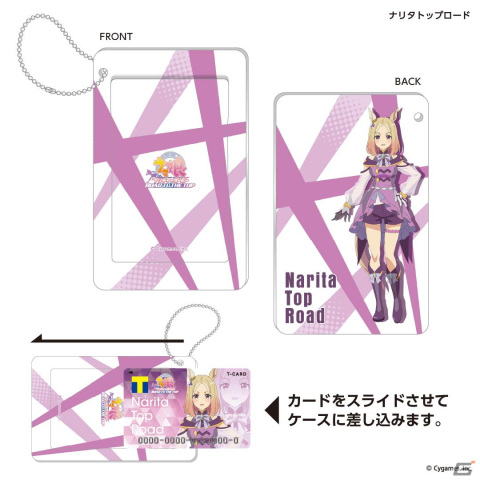 アニメ「ウマ娘 プリティーダービー ROAD TO THE TOP」ナリタトップロードら三強の3人がデザインされたTカードが登場！の画像8
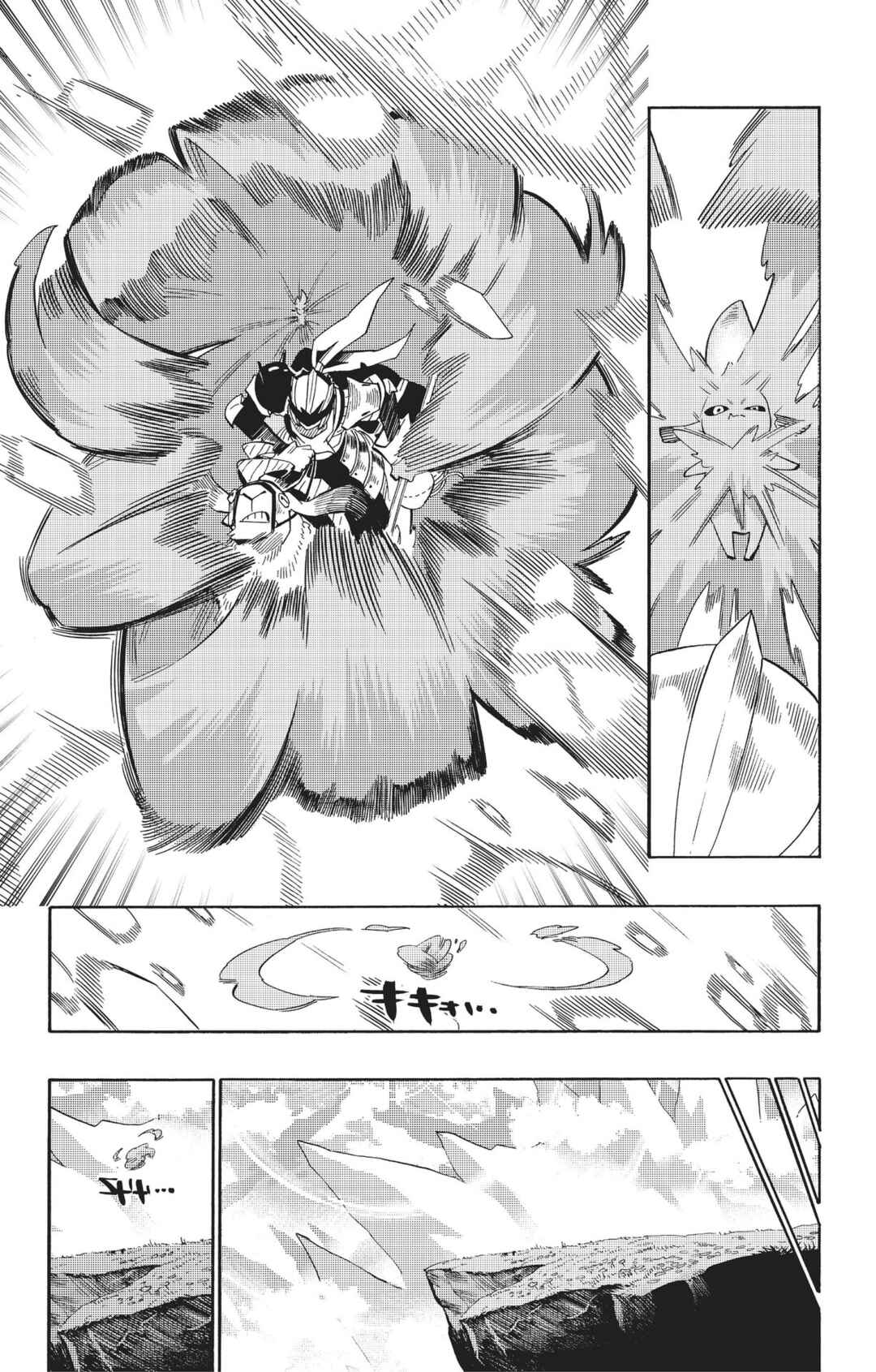 Fabula Fantasia Chapter 1 - Page 28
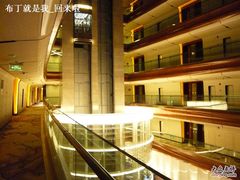 -苏州金鸡湖中茵皇冠假日酒店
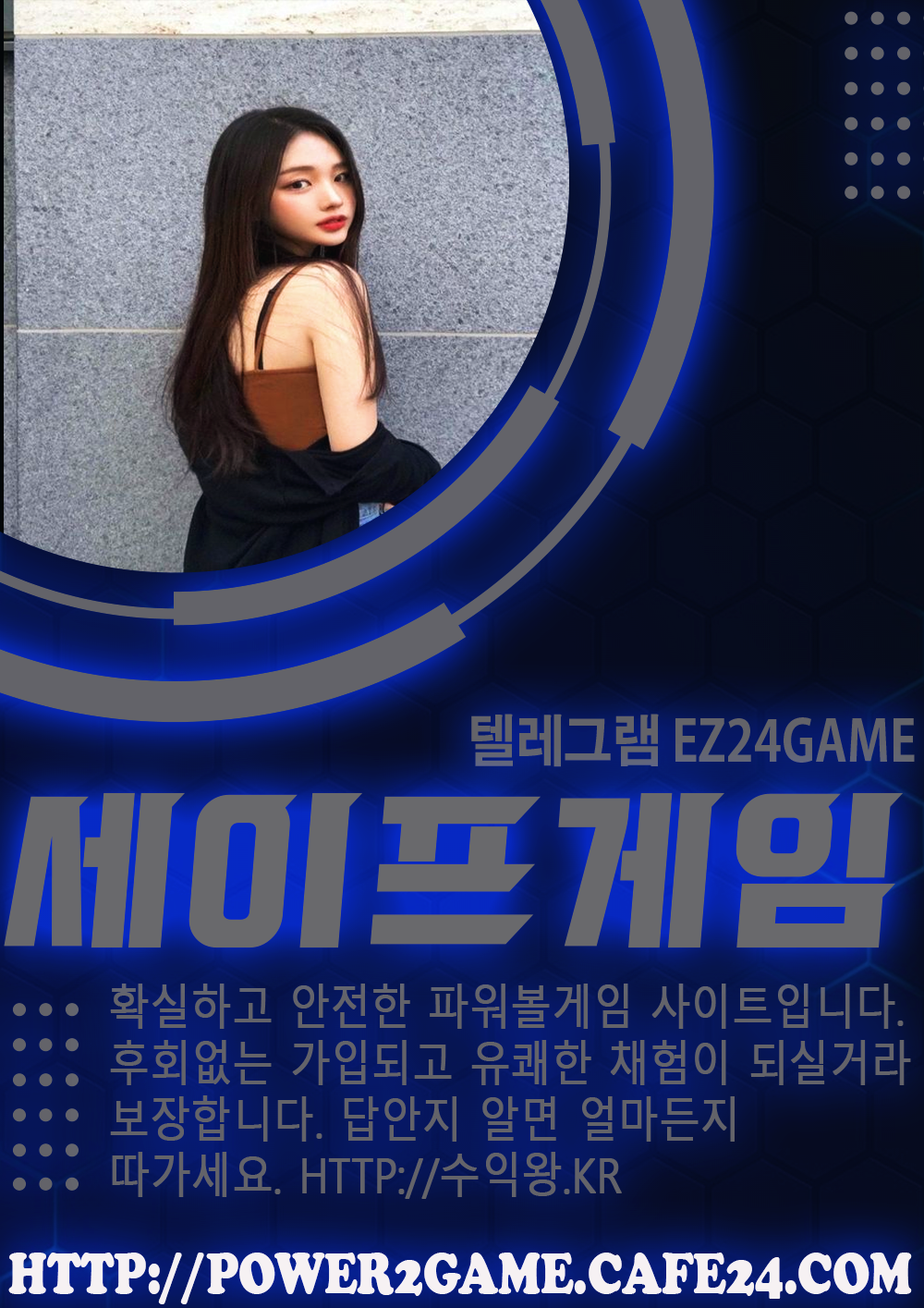 파워볼전용사이트 검증놀이터 Power2Game.Cafe24.Com 보증업체사이트 - 파워볼검증사이트메이저안전놀이터 - Medium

.....

Each line above is to be copied verbatim. Drop any image from the copy.

**Finished task**:
 アニメ「ウマ娘 プリティーダービー ROAD TO THE TOP」ナリタトップロードら三強の3人がデザインされたTカードが登場！の画像8
 Fabula Fantasia Chapter 1 - Page 28
 -苏州金鸡湖中茵皇冠假日酒店
 파워볼전용사이트 검증놀이터 Power2Game.Cafe24.Com 보증업체사이트 - 파워볼검증사이트메이저안전놀이터 - Medium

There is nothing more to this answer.